— Problem to work on —
Read through the data, and wherever a line holds the word "with", write that line out.
-- Material for the task follows --
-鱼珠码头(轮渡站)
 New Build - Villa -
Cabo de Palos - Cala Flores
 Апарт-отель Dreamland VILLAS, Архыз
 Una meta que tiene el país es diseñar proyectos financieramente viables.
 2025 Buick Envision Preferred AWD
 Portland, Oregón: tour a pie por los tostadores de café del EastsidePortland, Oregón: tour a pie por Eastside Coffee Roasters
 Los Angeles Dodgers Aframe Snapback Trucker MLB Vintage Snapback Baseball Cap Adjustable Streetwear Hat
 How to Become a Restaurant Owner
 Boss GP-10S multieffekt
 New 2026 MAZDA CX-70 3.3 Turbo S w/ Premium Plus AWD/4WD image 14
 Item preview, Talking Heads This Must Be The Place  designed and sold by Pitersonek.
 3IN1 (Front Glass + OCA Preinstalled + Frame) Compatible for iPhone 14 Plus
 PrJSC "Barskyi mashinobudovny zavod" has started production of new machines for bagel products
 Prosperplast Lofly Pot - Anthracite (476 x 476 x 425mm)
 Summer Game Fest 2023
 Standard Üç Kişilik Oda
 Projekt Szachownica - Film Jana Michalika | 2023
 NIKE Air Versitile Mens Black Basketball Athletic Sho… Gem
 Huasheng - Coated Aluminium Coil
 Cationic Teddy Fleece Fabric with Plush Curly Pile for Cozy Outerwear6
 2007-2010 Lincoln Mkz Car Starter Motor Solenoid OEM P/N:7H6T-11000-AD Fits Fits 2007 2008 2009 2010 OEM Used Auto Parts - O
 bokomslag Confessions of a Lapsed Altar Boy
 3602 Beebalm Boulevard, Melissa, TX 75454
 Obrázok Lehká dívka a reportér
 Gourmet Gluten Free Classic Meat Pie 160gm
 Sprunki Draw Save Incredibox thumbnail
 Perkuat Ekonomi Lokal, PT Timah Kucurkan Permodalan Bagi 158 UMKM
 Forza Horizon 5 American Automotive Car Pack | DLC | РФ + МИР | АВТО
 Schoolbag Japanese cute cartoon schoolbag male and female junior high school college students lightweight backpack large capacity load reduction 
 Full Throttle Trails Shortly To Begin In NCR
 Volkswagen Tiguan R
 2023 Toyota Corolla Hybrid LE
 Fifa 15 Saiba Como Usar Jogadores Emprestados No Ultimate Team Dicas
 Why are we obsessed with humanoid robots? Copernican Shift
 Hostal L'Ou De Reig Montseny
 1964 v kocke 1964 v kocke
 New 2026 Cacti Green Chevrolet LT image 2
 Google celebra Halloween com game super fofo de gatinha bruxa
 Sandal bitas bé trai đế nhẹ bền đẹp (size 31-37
-- Material for the task concluded --
— Finished task —
 Cationic Teddy Fleece Fabric with Plush Curly Pile for Cozy Outerwear6
 Why are we obsessed with humanoid robots? Copernican Shift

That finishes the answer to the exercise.